His father retired from Bord Bia last September. Mark’s eldest daughter, Megan, is seven now and he says would be starting to wonder who is her uncle. They have explained everything to her.
But no quarter of a day goes by that he does not think of his missing brother in some way. “It is hurtful and you keep thinking is there something you missed. Is there something I need to check again? Could I have done something better? Is there a pub I did not walk into and ask the right person what happened him? You could drive yourself daft thinking like that.
“All I wish is that the general public do not forget his name, that it is not about us, the family. We’d love to keep a focus on him and find out somewhere what happened.
“I’d love an answer.

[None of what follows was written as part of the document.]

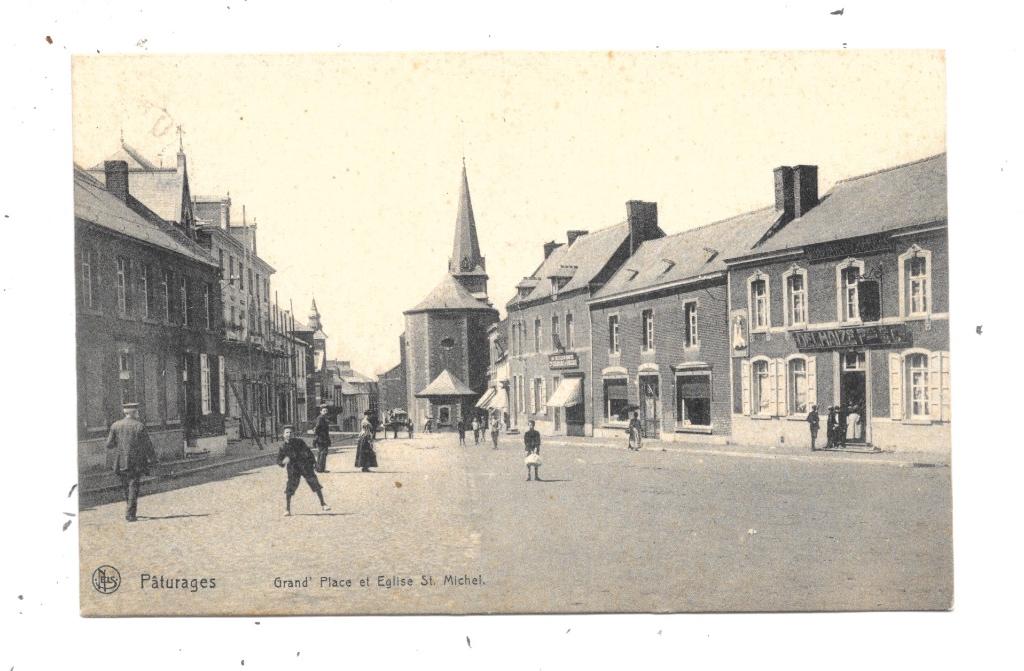Pâturages NA55: Grand'Place et Eglise St Michel 1908, Collections, Cartes postales | Belgique, Envoi, Avant 1920, Affranchie, Hainaut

I would love to grab Dublin by the coattails and shake the living daylights out of it – turn the clock back to January 1, 2001, and shake the information out of it because the information is there, it has to be. I can’t believe it’s not there.
“I refuse to believe it’s not there. Because if I believe somebody doesn’t know what happened Trevor then everything I have ever believed in is wrong.”